Our detailed responses to their comments can be found below.
For convenience, changes are highlighted in red in the revised version of the manuscript.
We look forward to hearing from you.
\closing{Sincerely, the authors.}
\newpage
%%% REVIEWER 1 %%%
\noindent \textbf{\large Authors' answer to Reviewer \#1}
{This in an interesting article and definitely deserves publication in JCP.
However, I think that there are few issues the authors need to address before publication of this article.
In my opinion addressing of these issues would be helpful to both quantum chemistry audience and even Green's function practitioners.
In my understanding methods that are solved through non-linear equations display multiple solutions due to the dependence on the starting point and presence of multiple local minima.
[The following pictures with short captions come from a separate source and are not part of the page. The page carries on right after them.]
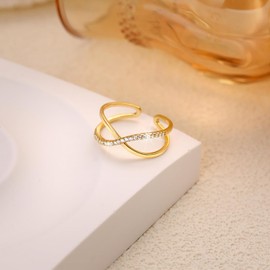 UTISUVIKO Adjustable Criss Cross Rings for Women S925 Sterling Silver 14K Gold Plated X Ring Open CZ Cross Ring Stackable Wedding Band Crossover Ring Graduation Gifts for Her (Gold)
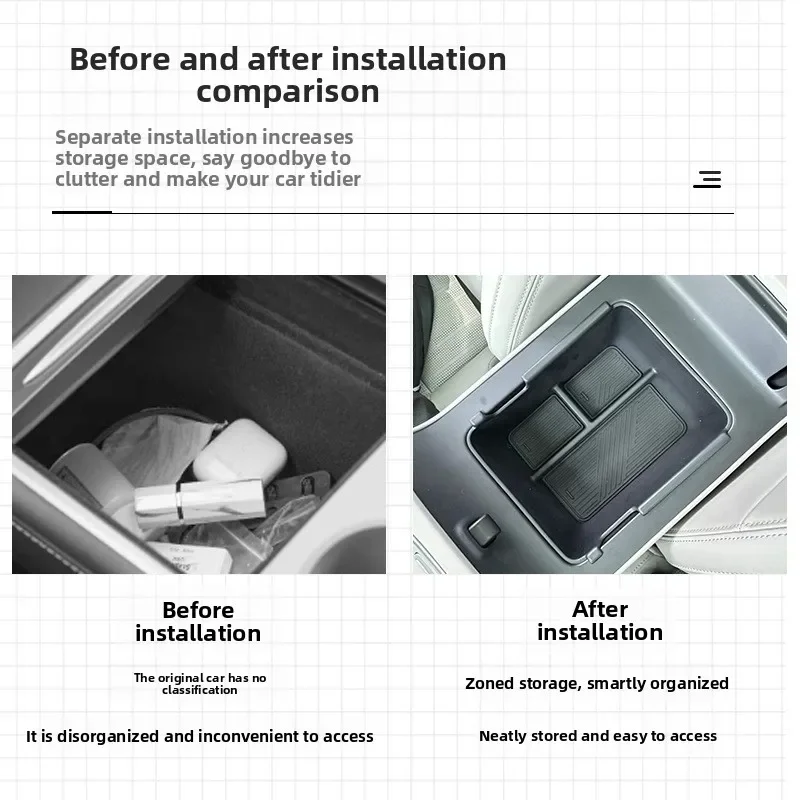 Center Console Lower Storage Box for Leapmotor B10 2025-2026 Drop-in Organizer Tray with Non-Slip Pad ABS/TPE, No Tools Required
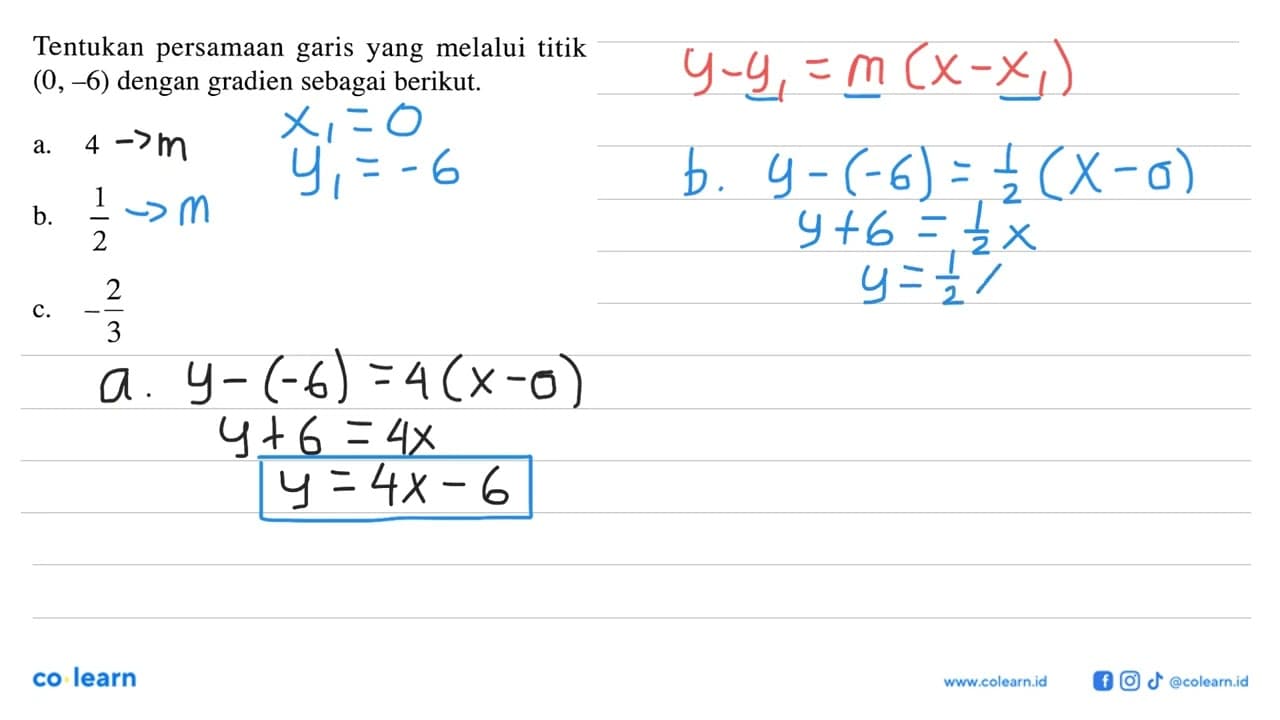 Tentukan persamaan garis yang melalui titik (0, -6) dengan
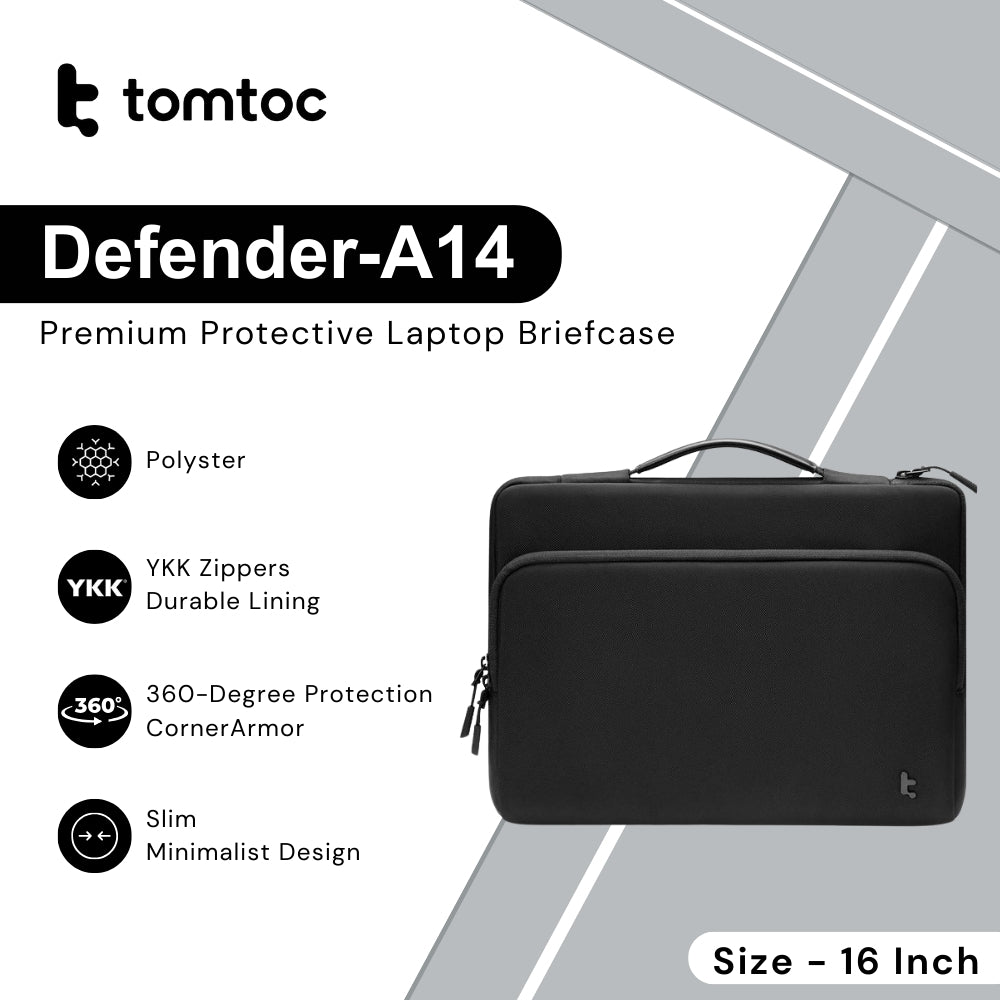 TOMTOC - Defender-A14 Premium Laptop Briefcase ( 16 inch ) - Black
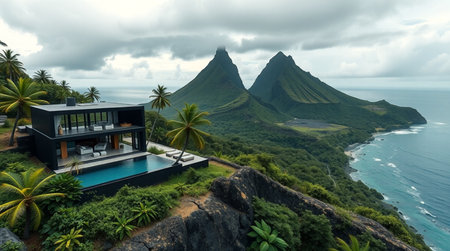 3d rendering of modern cozy house with pool and parking for sale or rent. Beautiful tropical island...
While the presence of these multiple solutions may be connected to the disappearance of denominators, the problem is much more general.
The problem of multiple solutions exists even if fully self-consistent GW is solved in a finite temperature formalism (on imaginary axis - which effectively removes the problem with vanishing denominators).
Different solutions can be then illustrated by considering their physical properties for example $S^2$.
In such cases, the potential energy curves are smooth within a region where one solution is dominant and one can show properties of these solutions as a function of $S^2$, see J. Chem. Phys. 155, 024101, and J. Chem. Phys. 155, 024119.
Convergence accelerators such as DIIS, KAIN, LCIS, can be successfully used and smooth PES can be produced when one is relatively close to a local minima, one should not expect that DIIS will help with convergence where multiple close lying solutions exists and when two solutions are competing, see J. Chem. Phys. 156, 094101 (2022).
It is my understanding that the calculation on the illustrative example H2 in 6-31G basis illustrates the existence of multiple such solutions.
The issue of introducing a regularizer to avoid vanishing denominators is more of an issue for GW on real axis.
Of course these issues of vanishing denominators and multiple solutions due to the non-linear character of the Dyson equation are connected but I think it is worth mentioning explicitly how different versions of GW are affected by these issues.
Frankly, I find it infuriating that in the GW community many times it is not clearly spelled out which flavor of the so-called GW is used and how the equations are solved.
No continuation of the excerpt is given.